宮城県気仙沼にある2つの酒蔵見学に、ひやおろしと秋の味覚が楽しめる日帰りツアーに参加してきました。しかも、人気の女性唎き酒師 早坂久美さんの案内で巡ることができるという特別なツアーで、食と日本酒のペアリングについても教えていただくことができました。
当日はJR仙台駅東口バスターミナルに集合し、そこから大型バスに乗り込み、気仙沼へ向かいました。気仙沼は宮城県の最北端の場所にあり、お隣の岩手県に食い込んだ立地のため、「仙台からは遠い」という印象。しかしバスツアーであれば、帰りの運転を気にすることなく心置きなく旅を満喫できそうです。

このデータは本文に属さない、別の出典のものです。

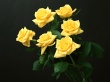Six Roses Wallpaer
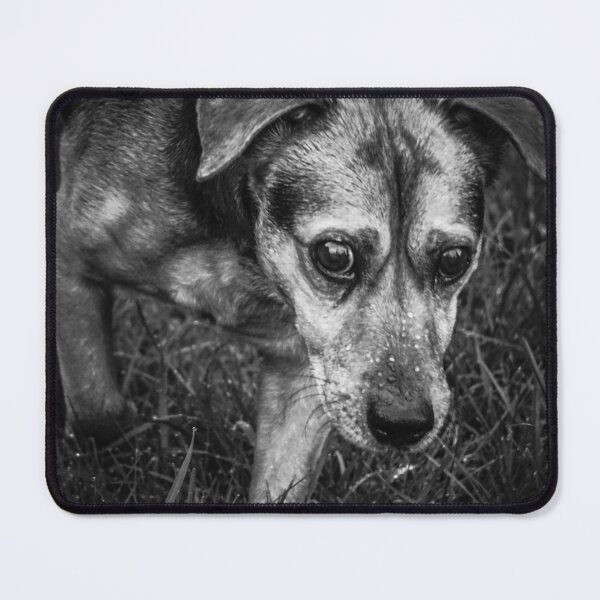 Item preview, black/white dog designed and sold by pigeonlovrs.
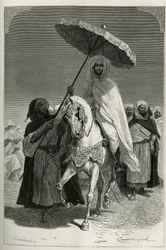 Sultan Hassan I av Marokko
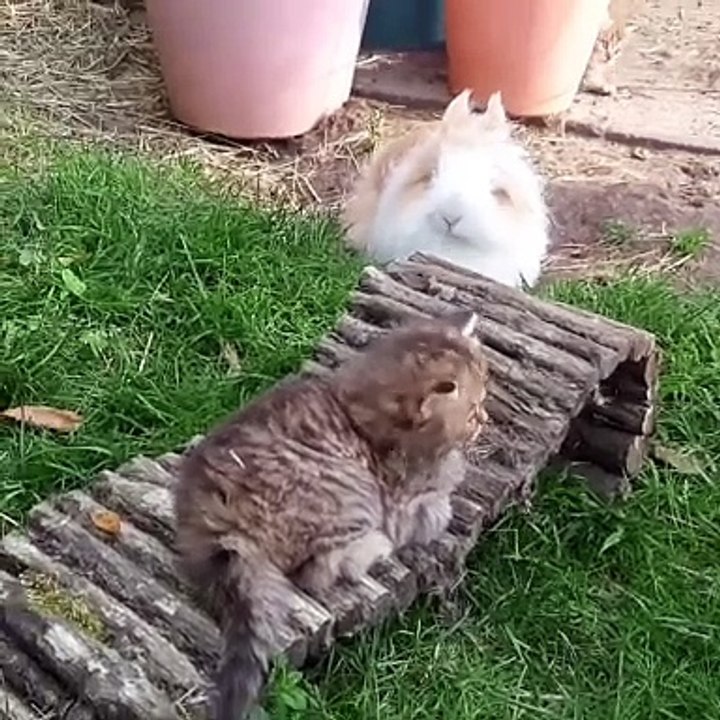 🐱🐰 Welcome to the whimsical world of CatsAndBunnies! Dive into a heartwar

バスに乗り込む際には除菌スプレーで手指消毒し、2名がけのシートに1名ずつ座るといったコロナ対策がしっかりと行われていました。
途中、道の駅に立ち寄り、2時間ほどで気仙沼に到着です。
気仙沼の街中に到着すると、たくさんの新しい建物が立ち並んでいたのが印象的でした。震災で大きな被害を受けたこの街は、街の人たちや多くのサポートにより、数年をかけて復興を遂げました。港のそばには復活した2つの酒蔵の店舗のほか、カフェやブルワリー、レストランなどが立ち並び、新しい気仙沼の風景を作り上げていました。おしゃれなデザインの街の風景の中、酒蔵は当時の姿をそのまま再建する形で蘇り、昔から変わらない街のシンボルとしての役割を果たしていました。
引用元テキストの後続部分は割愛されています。